近頃、色んな場所で、C++のコーディングについて、
キャストはできるだけ使うな!
と書いてありました。
とすると、警告が出てしまうと思うのですが、
警告を出したままの方が良い、という事なのでしょうか?
それとも、void*などを基本使うな、という意味なのでしょうか?
段々と、自分のコードが近頃、標準関数に近しくなってきているのを感じていて、
constなども多用するようになって、見やすくはなってきてるのかなぁと思っています。
ただ、どれが正しい!というコーディングは無いにせよ、より可読性と精度は高めたいと思っています。
どうすべきなんでしょうかね…?
何か良い意見は無いでしょうか?
はい。いくつかの理由と、いくつかの実装的制限はありますが、「キャストは使うな!」は正しいです。
ただし、mallocを使わず、テンプレートをコレクションで使っている限り、という前提付きですが。あと、C++言語限定。C言語単体ではどうやってもキャストの罠から逃れられません。
まず、実装としての制限から。
C言語は、型に緩い言語です。この緩さは、指摘の通りすべての参照を同一の型「void*」に還元できるところから来ています。そして、C言語の標準ライブラリはこの緩さを使った実装になっています。
たとえば、メモリ確保関数のmalloc()はvoid*を返します。そして、このポインタは、プログラマーが自分で管理する限り、どのように使っても構いません。

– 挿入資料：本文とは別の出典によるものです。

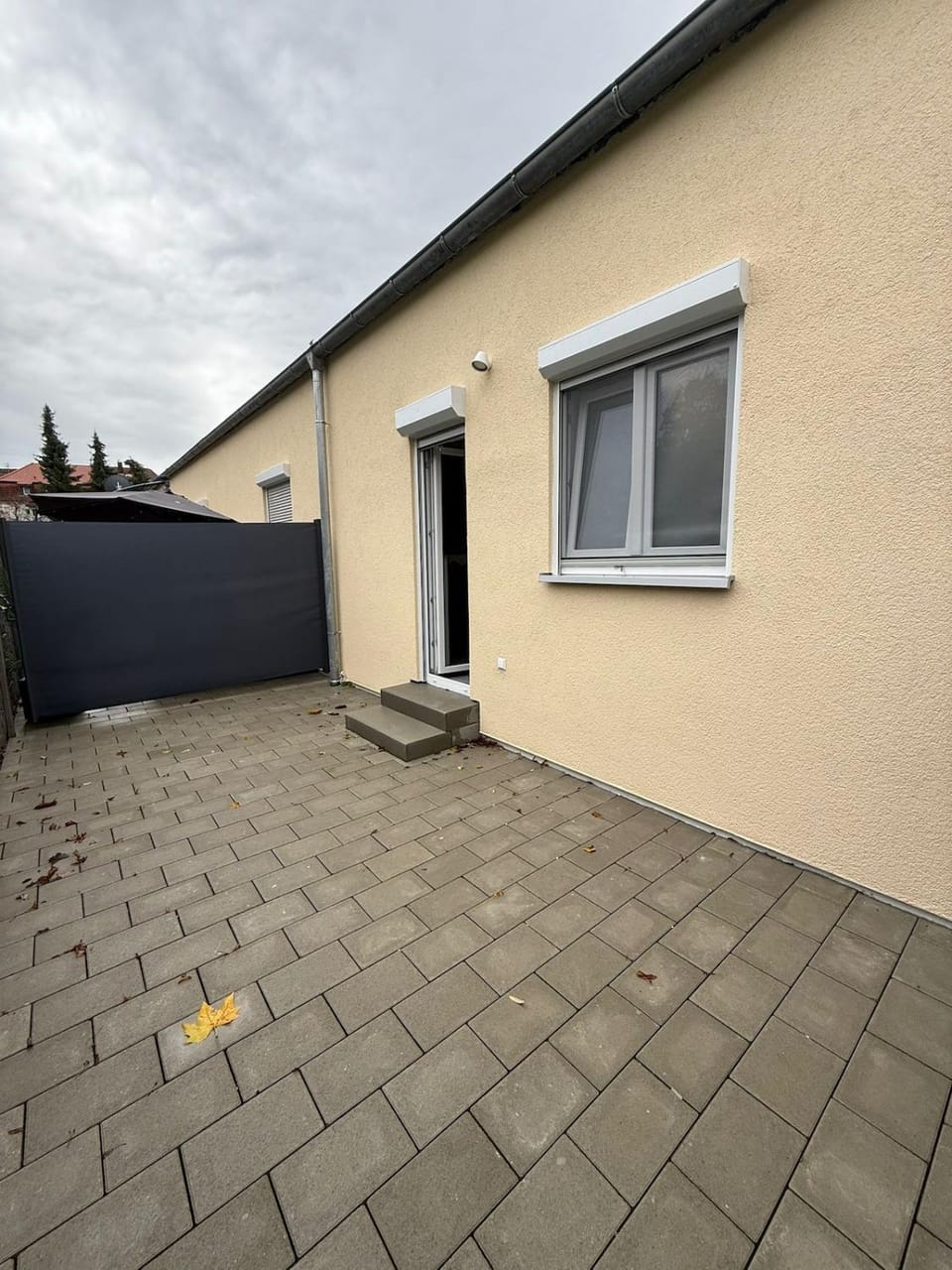 Property building, Balcony/Terrace, Balcony/Terrace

もう、この時点で問題があります。言語としては「特定の型」でなければ正常に動作しないように作れるにもかかわらず、実際にはどんな型であっても構わないのですから。
たとえば、
int *hoge=malloc(sizeof(char));
なんて書き方ができちゃいます。これ、明らかにおかしいですよね。じゃあ、こう書いても良いのかというと、
int *hoge=(int*)malloc(sizeof(char));
確かにワーニングは出なくなりますが、なんの解決にもなっていません。つまり、ワーニングを消すという行為自体がバグの温床になっているのです。
で、どうするかというと、
- 可能な限りnewを使う
- qsort,fget,memcpyなどのvoid*を引数に持つ関数を使わない
- コレクションはテンプレート経由で使う
とすると、型チェックが厳密になり、キャストを使わなくてもワーニングが出なくなります。ワーニング自体がバグの温床であることは明確なので、きちんと書いてバグを出さないというのが本筋ですよね。
また、型は使用想定を意識したものですので、型があっていると言うことは、使用想定があっていると言うことに他なりません。つまり、型自体が抽象化の対象となっているといえます。
でも、実はこれでもまだ安全じゃありません。
void hoge(int* ptr) { for(int i=0;i<10;i++) { ptr[i]=i; } } void main() { int fga[5]; hoge(fga); }
が、ワーニング無く通っちゃうのです。
確かに静的型チェックは便利ですが、バッファーオーバーランには無力というか。
かといって、これはC言語が高級アセンブラである限り回避のしようがないんですよねぇ。
素直に書いてワーニングのでないプログラムを目指すことはもちろん重要ですが、それ以上に使用想定を無視してないかをきちんと意識したプログラムを書かないと危ないというのが、C言語の怖いところです。それぐらい言語側が担保しろよと言いたくなる高級ゲンガーですが、まだ組み込みではC/C++が主流ですからねぇ。
結論としては
- キャストは使うな!
- キャストしなくてもワーニングが出ないプログラムを
- でも、関数呼び出しの時には細心の注意を
というところでしょうか。
ちなみに、constつき引数は「使用想定」をプログラマーに見せているという意味で非常に重要です。ぜひその線でいきましょう。